C'est un arbre ou un arbuste à feuilles
alternes, bistipulées à la base, à limbe
convoluté dans le bourgeon. La
fleur, solitaire ou géminée, ou encore
en grappe pauciflore, a cinq sépales
quinconciaux, s'insérant sur les bords d'un réceptacle
plus ou moins concave, et une corolle imbriquée; ses étamines,
au nombre de vingt en général, sont formées par un
filet libre et une anthère biloculaire,
introrse, à deux fentes longitudinales; l'ovaire
est uniloculaire, et le placenta, dont la situation
est indiquée par un sillon vertical, pariétal; les ovules,
au nombre de deux, sont collatéraux, descendants, anatropes; leur
micropyle est extérieur et ils
sont munis d'un obturateur. Le fruit est une drupe.
Ces caractères sont communs à toutes les espèces du
genre Prunus. Il comprend, outre les Pruniers proprement dits, dont nous
devons nous occuper ici plus spécialement, les types suivants, qui
en sont considérés généralement comme
des espèces (mais dont certains botanistes font, dans certains cas,
des genres distincts) et dont nous n'indiquons que quelques caractères
distinctifs, renvoyant, pour le surplus, aux articles spéciaux qui
leur sont consacrés :
1° Abricotiers
(P. Armeniaca L.). Réceptacle court et large, épicarpe velouté,
mésocarpe succulent, noyau creusé d'un sillon sur chaque
bord.
2° Amandiers
(P. Amygdalus Bn). Épicarpe velouté, adhérent au mésocarpe,
d'abord charnu fruit sec, noyau criblé. Peuvent également
se considérer comme un genre distinct (Amygdalus).
3° Pêchers
(P. Persica Bn) Réceptacle allongé, épicarpe volonté,
mésocarpe charnu noyau rugueux.
4° Cerisiers
(P. Cerasus L.). Fruit semblable à celui du Prunier proprement dit,
mais non cireux.

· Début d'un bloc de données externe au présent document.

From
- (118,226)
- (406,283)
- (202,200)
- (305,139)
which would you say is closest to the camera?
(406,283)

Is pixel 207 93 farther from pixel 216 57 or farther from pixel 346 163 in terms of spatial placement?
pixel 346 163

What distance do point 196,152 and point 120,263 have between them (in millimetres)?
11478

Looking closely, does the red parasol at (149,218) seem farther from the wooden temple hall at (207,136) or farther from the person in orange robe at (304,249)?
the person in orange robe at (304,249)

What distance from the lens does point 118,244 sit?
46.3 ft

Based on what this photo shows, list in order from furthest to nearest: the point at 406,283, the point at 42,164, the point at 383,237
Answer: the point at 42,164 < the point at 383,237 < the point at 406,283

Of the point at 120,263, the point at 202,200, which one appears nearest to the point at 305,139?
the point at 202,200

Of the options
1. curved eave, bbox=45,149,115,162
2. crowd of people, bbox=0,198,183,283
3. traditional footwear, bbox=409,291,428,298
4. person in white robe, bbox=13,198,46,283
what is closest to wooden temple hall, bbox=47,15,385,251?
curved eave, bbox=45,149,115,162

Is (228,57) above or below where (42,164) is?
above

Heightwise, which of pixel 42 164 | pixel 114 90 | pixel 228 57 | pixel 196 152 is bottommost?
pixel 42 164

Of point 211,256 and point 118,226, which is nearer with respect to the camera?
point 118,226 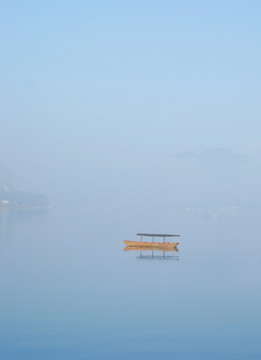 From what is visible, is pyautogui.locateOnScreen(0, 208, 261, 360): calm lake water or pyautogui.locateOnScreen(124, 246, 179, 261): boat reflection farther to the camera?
pyautogui.locateOnScreen(124, 246, 179, 261): boat reflection

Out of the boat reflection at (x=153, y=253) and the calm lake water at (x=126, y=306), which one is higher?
the boat reflection at (x=153, y=253)

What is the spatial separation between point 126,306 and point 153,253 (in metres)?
36.8

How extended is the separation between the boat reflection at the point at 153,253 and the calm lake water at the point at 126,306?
198cm

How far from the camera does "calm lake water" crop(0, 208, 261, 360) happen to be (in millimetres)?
31141

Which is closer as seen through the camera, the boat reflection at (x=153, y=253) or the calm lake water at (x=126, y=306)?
the calm lake water at (x=126, y=306)

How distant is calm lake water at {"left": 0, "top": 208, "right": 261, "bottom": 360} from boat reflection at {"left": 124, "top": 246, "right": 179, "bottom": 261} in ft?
6.51

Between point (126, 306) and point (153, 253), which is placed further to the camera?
point (153, 253)

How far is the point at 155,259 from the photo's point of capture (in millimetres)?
70812

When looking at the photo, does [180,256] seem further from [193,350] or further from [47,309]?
[193,350]

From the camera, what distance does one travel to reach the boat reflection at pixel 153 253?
72.1 meters

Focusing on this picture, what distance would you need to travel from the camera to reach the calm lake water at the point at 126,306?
31141mm

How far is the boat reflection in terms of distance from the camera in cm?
7206

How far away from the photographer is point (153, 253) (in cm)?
7756

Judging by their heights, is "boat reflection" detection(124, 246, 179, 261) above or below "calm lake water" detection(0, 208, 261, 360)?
above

Peuvent également se considérer comme un
genre distinct (Cerasus).
5° Lauriers-Cerises
(P. Lauro-Cerasus L.). Réceptacle court, drupe peu charnue. Peuvent
également, selon les auteurs, se rattacher au genre Cerasus (Cerasus
laurocerasus) ou même se considérer comme un genre distinct
(Laurocerasus).
Quant aux Pruniers véritables, on en
distingue, dans la nature, trois espèces ou variétés,
dont la première, le P. spinosa, est plus connue sous les noms de
Prunellier et d'Epine noire. Les deux autres, le P. domestica L. ou Prunier
domestique et le P. insitilia L. ou Pruneautier ont donné naissance
aux nombreuses variétés aujourd'hui cultivées. Ils
diffèrent surtout du premier en ce qu'ils ne sont pas, comme lui,
épineux, en ce que leurs fleurs naissent en même temps que
les feuilles et en ce que leurs fruits sont de saveur douce, au lieu d'être
acerbes. Entre le P. domestica et le P. insititia, les seules différences
facilement appréciables sont les suivantes: chez le P. domestica,
les jeunes rameaux sont glabres, les fleurs d'un blanc légèrement
verdâtre, les fruits oblongs ; chez le P. in sititia, les jeunes
rameaux sont pubescents et veloutés, le fleurs d'un blanc pur, les
fruits globuleux ou légèrement ellipsoïdes. Le P. domestica
serait la souche des variétés; fruits allongés, le
P. insititia, celle des variétés à fruit arrondis.
Chez l'un et chez l'autre, la drupe présente sa surface un revêtement
cireux : la fleur ou pruine; le mésocarpe est charnu; l'endocarpe
forme un noyau ovoïde ou comprimé, renfermant une ou deux graines
à gros embryon charnu, sans albumen.
Histoire.
Les Pruniers sont connus de toute antiquité.
Pline
parle dans son Histoire naturelle, de l' « ingens turba prunorum
». Le P. domestica a été trouvé à l'état
sauvage dans toute l'Anatolie ,
la région au Sud du Caucase, l'Iran septentrional. On l'a aussi
rencontré, à cet état, dans les haies et les bois
voisins des habitations, en Crimée, en Grèce, et en quelques
autres points du midi de l'Europe .
Mais l'espèce n'y est que subspontanée, et cette demi naturalisation
a commencé tout au plus en Europe depuis 2000 ans. On n'en a pas
découvert de noyaux dans les restes des palafittes d'Italie, de
Suisse, de Savoie. Le P. insititia, au contraire, croît, à
l'état, spontané, malgré sa dénomination (insititia
veut dire étranger), dans le midi de l'Europe, particulièrement
dans la Turquie d'Europe, et peut-être aussi en Italie et en Espagne.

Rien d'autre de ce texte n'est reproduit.